For its part, the military had been watching the situation, following closely the spread of discontent that eventually boiled over to form the 30 June drama. When the army eventually saw the magnitude of the protests, it was compelled to side with the protestors in a bid to secure its own power and privilege in the new balance of power. At this juncture, the interests of the revolutionaries and those of the army converged. For revolutionaries, however, the military’s intervention in deposing Morsi served as a catalyst, removing the barriers preventing a stalled revolution moving forward. It was a desperate midwife for a pregnant nation that was enduring agonizing labor to give birth to a new social order. It needed a dramatic push: revolutionary coercion.

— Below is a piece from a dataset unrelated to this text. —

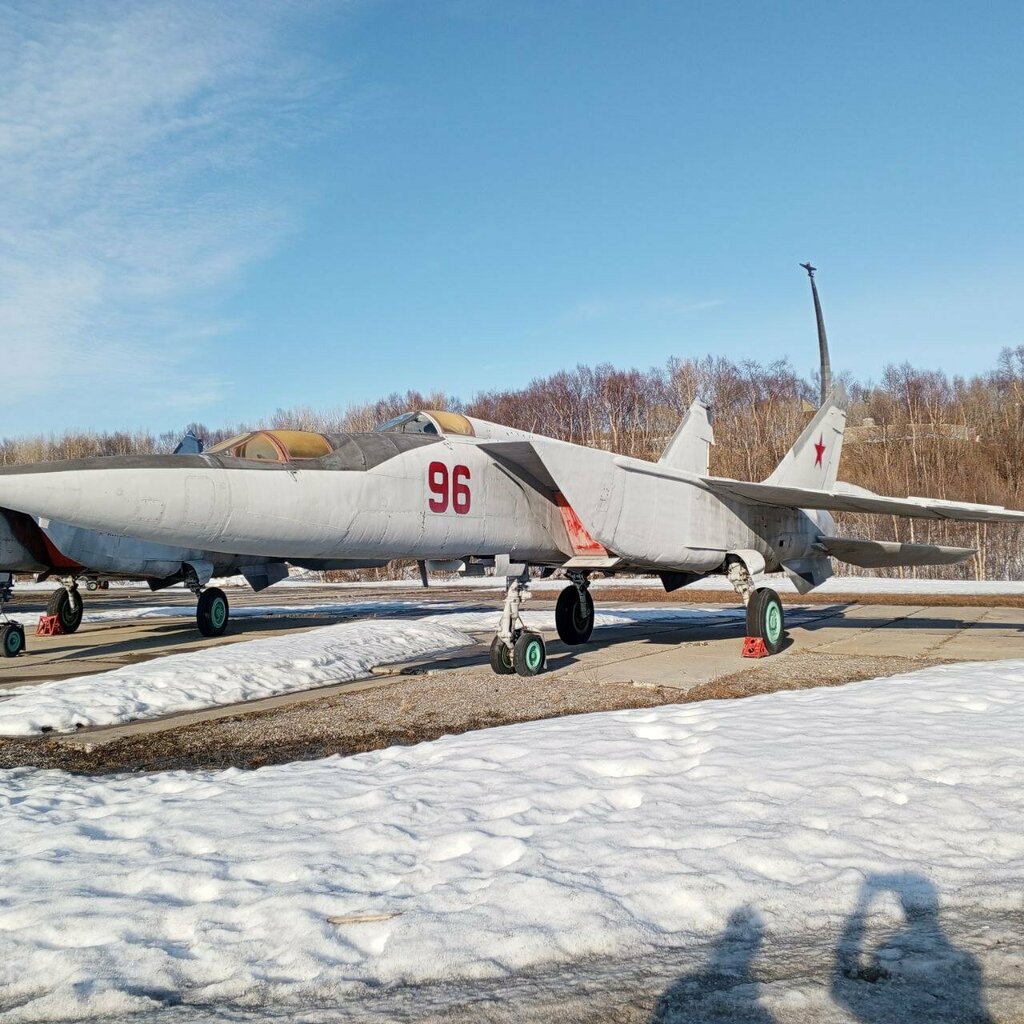 Monument to technology Самолёт МиГ-25ПУ, Murmansk Oblast, photo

This stage in Egypt’s revolutionary drama reflects the paradoxical but inescapable strategy of a revolution that lacked a coercive power to do what the army did on its behalf. It is the ironic but inevitable consequence of its paradoxical character: it has enjoyed an enormous popular constituency, but painfully lacked administrative power; it has garnered remarkable hegemony, but does not rule, with the consequence that it has to rest on the institutions of the incumbent state—this time the military—to change things. Indeed, if the Egyptian revolutionaries, just like most of their twentieth century counterparts, had produced their own resources and hard power (like guerilla militias or a revolutionary army), they might have done what they expect the military to do for them, and that would not have been labeled a "coup."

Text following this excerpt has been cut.